[Crawled caption data]
———

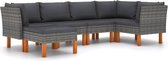 Decoways - 6-delige Loungeset met kussens poly rattan grijs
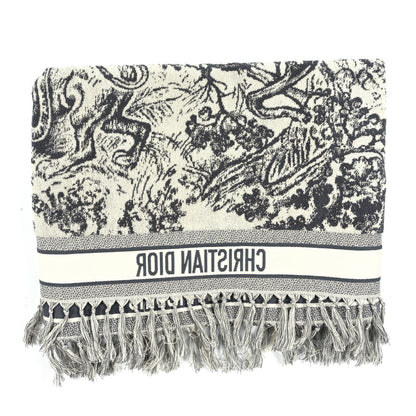 Christian Dior Cotton Toile De Jouy Reverse Towel Grey Ivory 3 of 4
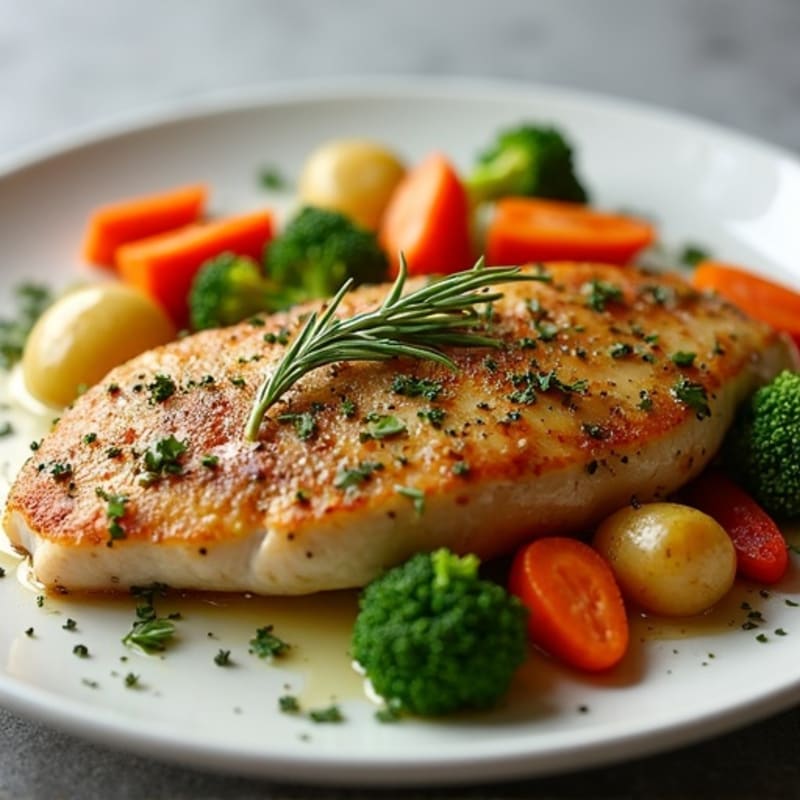 Herb-Crusted Pan Seared Chicken with Roasted Vegetables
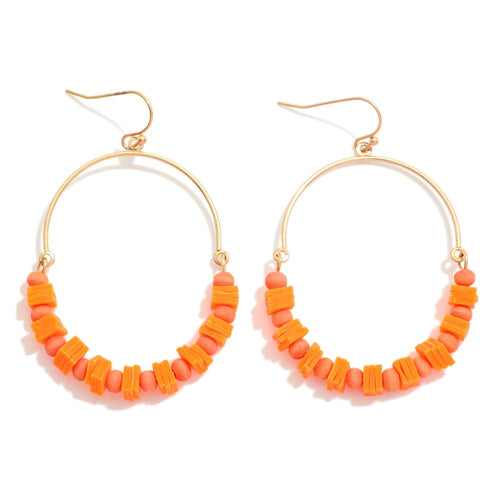 Linked Half Hoop and Mixed Media Beaded Drop Earrings Featuring Puka Shell and Wood Beads (Orange)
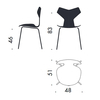 Fritz Hansen - Grand Prix - Chaise 46.5cm - dessin au trait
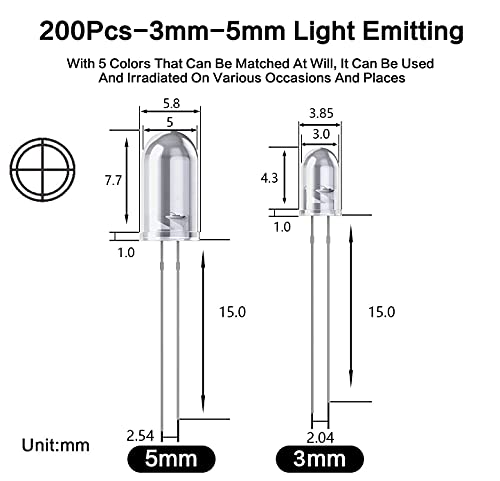 200 Pcs Diodo Led, Yiwanson Luzes Diodos Led 3Mm 5Mm Claro Led Diodos Emissores de Luz Lâmpada Led L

———

**Work to complete**
A precise copy of each record, with the images removed, should be output.

**Solution to the exercise**
 Decoways - 6-delige Loungeset met kussens poly rattan grijs
 Christian Dior Cotton Toile De Jouy Reverse Towel Grey Ivory 3 of 4
 Herb-Crusted Pan Seared Chicken with Roasted Vegetables
 Linked Half Hoop and Mixed Media Beaded Drop Earrings Featuring Puka Shell and Wood Beads (Orange)
 Fritz Hansen - Grand Prix - Chaise 46.5cm - dessin au trait
 200 Pcs Diodo Led, Yiwanson Luzes Diodos Led 3Mm 5Mm Claro Led Diodos Emissores de Luz Lâmpada Led L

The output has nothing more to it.